Açıklanmayan İnfertilitede Hangi Durumlarında Tedaviye Başlanabilir?
Açıklanmayan infertilite tanısı konulduktan sonra bazı durumlarda zaman kaybetmeden tedaviye başlanması önemli olur. Bu durum bazı anlarda yaş faktörü bazı anlarda genetik rahatsızlıklara bağlı olarak gerçekleşebilir. Hızlı bir şekilde tedavi sürecine geçmemek boş yere vakit kaybetmek tedavi sonrası oluşabilecek başarı oranını düşürebilir. Genellikle dikkat edilmesi gereken ve anında tedavi sürecine geçilecek durumlar şu şekildedir;
-
Kadın hastanın 35 yaş üstünde olması
-
Yumurtalık rezervinin yetersiz olması
-
İnfertilite durumuna bağlı olabilecek etkenleri 1-2 yıl aralığında devam etmesi
yukarıda yer alan detaylar hemen tedaviye başlamak için yeterli olarak görülebilir.
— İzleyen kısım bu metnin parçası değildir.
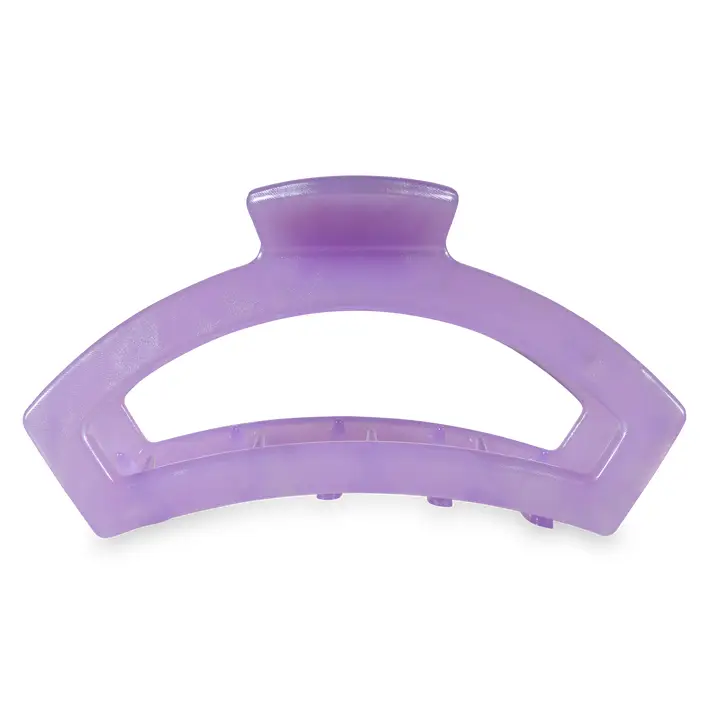 OPEN HAIR CLIP LRG LAVENDER MIST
Aksi takdirde başarı oranı düşebilir.
Açıklanamayan İnfertilitede Sperm Analizi Yapılmasının Önemi
İnfertilite sorunu ile karşılaşan kişilerin sayısı azımsanmayacak kadar fazla da olsa günümüzde hala bu durumun net olarak sebep olduğu durumlar belirlenmiş durumda değil. Bu şikayetle doktora başvuran hastaların 6’sından 1’i açıklanamayan sebeplerden kaynaklı olarak infertilite sorunu ile karşı karşıya gelebilmektedir.
Sperm örneği laboratuvar ortamında değerlendirilen bir aşama olsa da uzmanlık alanı ve tecrübe ister. Bilinenin aksine yalnız sperm sayısının yeterli oranda olması gebe kalmak için tek başına etkili olmayabilir. Bu noktada sperm hareketlerini daha fazla öneme sahip olduğu belirtilebilir. Sperm şekillerinin detaylı olarak incelenmesi için tek yöntem olarak mikroskop altında gözle incelme yapılmasıdır. Sperm üzerinde yapılan bu incelemelerin doğrudan gözlem yolu ile yapılması farklı laboratuvar ortamında yapılan kontrollerin farklı değerler sunduğu görülebilir.
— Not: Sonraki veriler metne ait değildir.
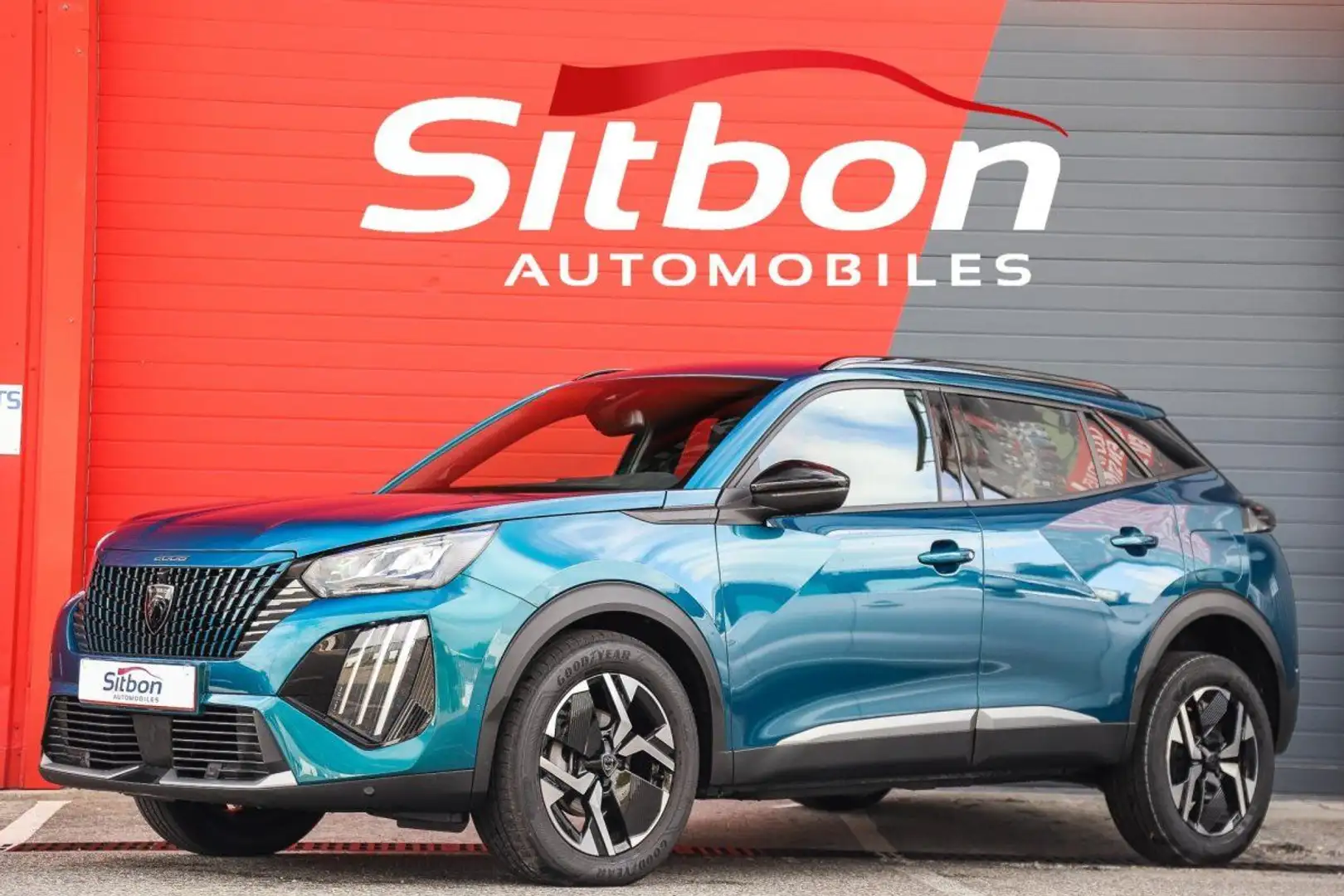 Peugeot 2008 1.2i PureTech 100 Allure CAMERA AVANT ET ARRIERE GPS VIRTUAL CARPLAY Azul - 1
Sperm analizinin infertilite için son derece önemli olduğu dikkate alındığında bu işlemin alanında uzman doktorlar tarafından yapılmasının gerekliliğini vurgular. Böylece hastalar gereksiz yere zaman kaybetmek ya da boş yere farklı tedavi süreçleri ile uğraşma derdinden kurtulabilir.
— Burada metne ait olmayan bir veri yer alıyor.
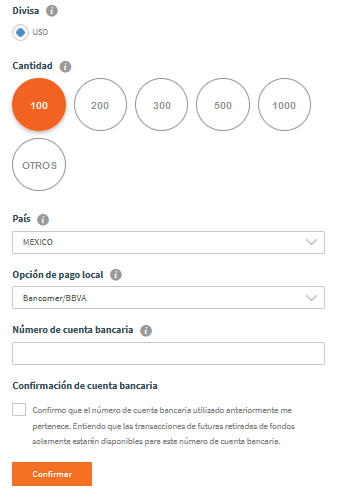 Métodos de Pago Disponibles y Límites de Depósito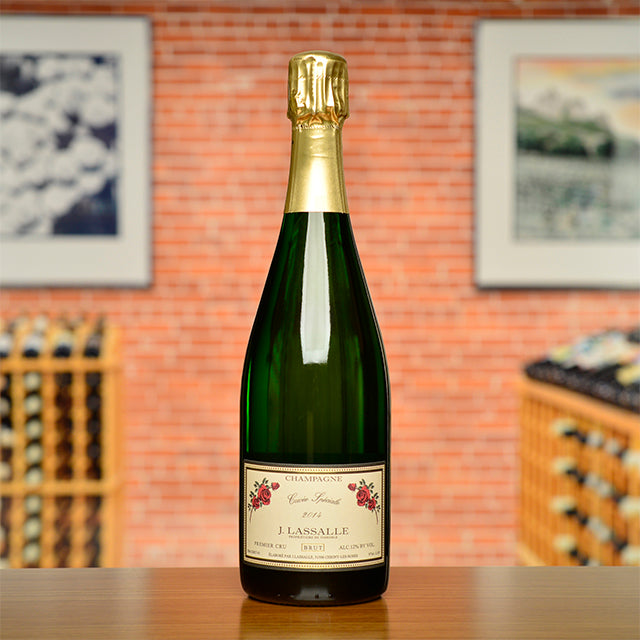 Champagne J. Lassalle Champagne 1er Cru Brut Cuvee Speciale 2014 750 ML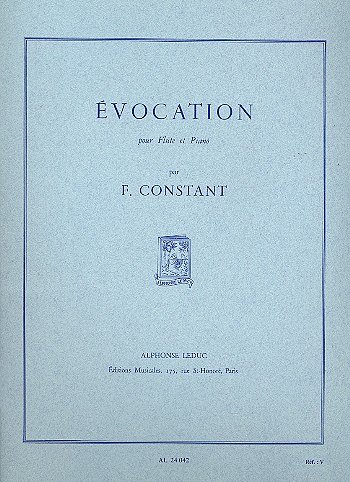 F. Constant: Evocation, FlKlav (KlavpaSt)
Açıklanmayan İnfertilite Hangi Sıklıkla Görülebilir.?
Doktor tarafından çocuk sahibi olmaya engel olan sebepleri araştırıldığında herhangi bir nedene bağlanamadığı durumlarda açıklanamayan infertilite tanısı konulabilmesi için uygun olarak değerlendirilir. Genellikle infertilite tanıları arasında sebepsiz infertilite tanısının konulma sıklığı %15 civarında olmaktadır. Gebe kalma sorunu ile doktora başvuran hastaların büyük bir çoğunluğunda infertilite durumu ilk değerlendirmeye alınan tanılar arasında gösterilebilir. İnfertilite çeşitleri arasında kadın ve erkek infertilitesinin yanı sıra açıklanmayan infertilite tanısı da hastalarda sıklıkla görülebilen rahatsızlıklara örnek gösterilebilir.